O Santo Daime com a Umbanda

Um dos elementos que ganhou centralidade nas mãos do Padrinho Sebastião foi o estudo da Umbanda. O Reino do Sol, reconhecendo suas raízes nestes dois líderes visionários, nasceu da proposta de viabilizar à esta Umbanda, nascida do encontro com o Daime, maior espaço de desenvolvimento – aproveitando as direções apontadas pelo Padrinho Sebastião e navegando na perspectiva eclética com que o Mestre Irineu deu seus primeiros passos.

A expansão do Santo Daime

No final da década de 80, quando nasceram, as grandes referências daimistas fora do Acre eram as primeiras três igrejas fundadas no Sul (em Brasília, no Rio de Janeiro e em Visconde de Mauá).

O Céu da Montanha, sediada em Visconde de Mauá, fundada por Alex Polari, foi para os paulistas o modelo mais próximo a ser seguido, e onde era possível acompanhar grandes trabalhos de hinários.

Com o advento de sua expansão pelo Brasil e depois pelo mundo, o Santo Daime chegou em São Paulo pelo desenvolvimento paralelo e concomitante de dois grupos, que se constituíram em igrejas: Flor das Águas – a primeira delas – e Céu de Midam.

Da igreja Flor das Águas surgiu o Céu de Maria, fundada por Glauco Villas Boas – que viria a ser, em seguida, a maior igreja de São Paulo –, assim como o Céu da Nova Era, que se propunha como continuidade da Flor das Águas. Parte constitutiva desta última criou o Céu do Vale, em Pindamonhangaba.
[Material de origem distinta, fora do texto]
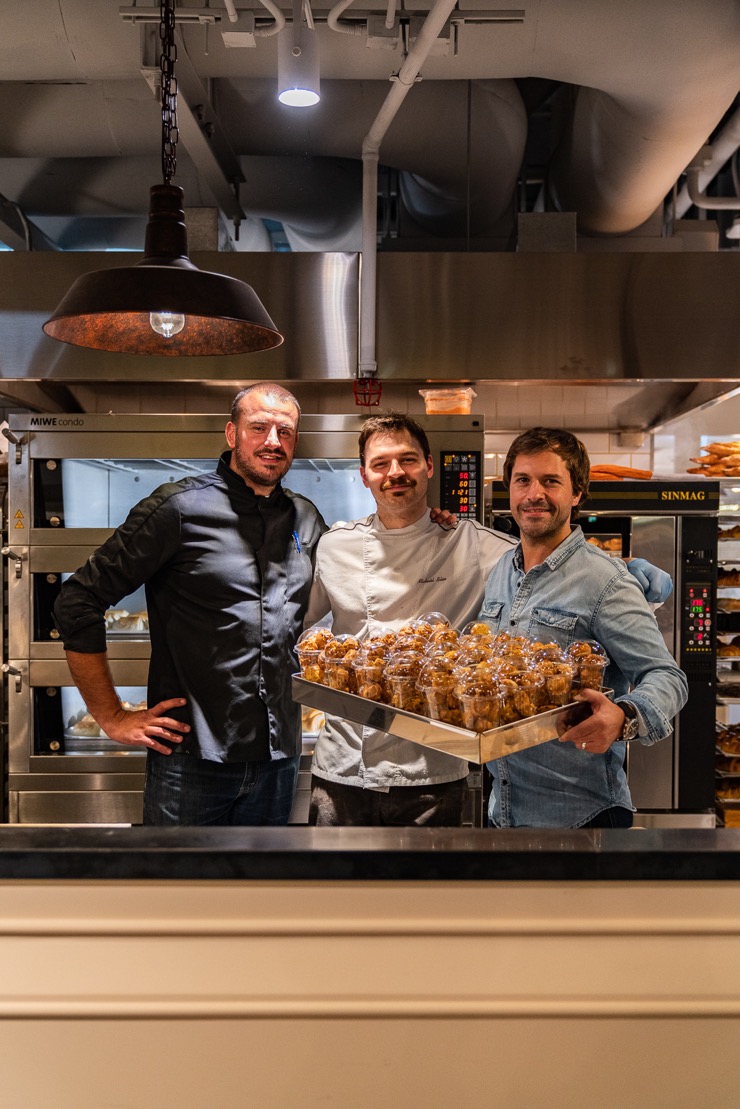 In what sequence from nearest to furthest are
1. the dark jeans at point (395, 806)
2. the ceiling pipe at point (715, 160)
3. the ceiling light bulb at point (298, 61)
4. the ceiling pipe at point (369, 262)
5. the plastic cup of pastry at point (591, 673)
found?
the plastic cup of pastry at point (591, 673)
the dark jeans at point (395, 806)
the ceiling light bulb at point (298, 61)
the ceiling pipe at point (369, 262)
the ceiling pipe at point (715, 160)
Do Céu da Montanha nasceu o Céu da Lua Cheia, e do Céu de Midam surgiu o Céu da Mantiqueira, entre outros grupos que se desenvolveram em maior ou menor grau.

Padrinho Alfredo, filho e sucessor do Pad. Sebastião, responde à complexidade que teve origem na expansão agregando novos rituais. Foi sob seu comando que a Umbanda se legitimou na cosmologia daimista.

Nossa visão

O Reino do Sol nasceu a partir da minha filiação inaugural ao Céu de Maria, onde iniciei meus trabalhos no Santo Daime. Não foi sem surpresa a constatação posterior do ecletismo que constituía as matrizes do Santo Daime, dentre as quais me sensibilizaram as raízes afro-brasileiras – particularmente a Umbanda.

Espiritualidade versus religião

Enquanto grupo institucionalmente independente, reconhecendo e honrando sua história, o Reino do Sol hoje adota a perspectiva de Escola Espiritual, atento ao diálogo que faz da relação espiritualidade versus religião, um foco de atenção e cuidadoso estudo.

Transcendência e autoconhecimento

Ainda que adotando a dimensão transcendente como constitutiva e central da experiência humana sobre a Terra, entendemos nossas práticas como o desenvolvimento de ferramentas que visam dotar o indivíduo da capacidade de realizar uma trajetória de autoconhecimento, plena e potencializada. Ou seja, mais do que apontar mapas de territórios da vida no Além, nos ocupamos das questões que possam tornar a existência uma experiência integral e realizada.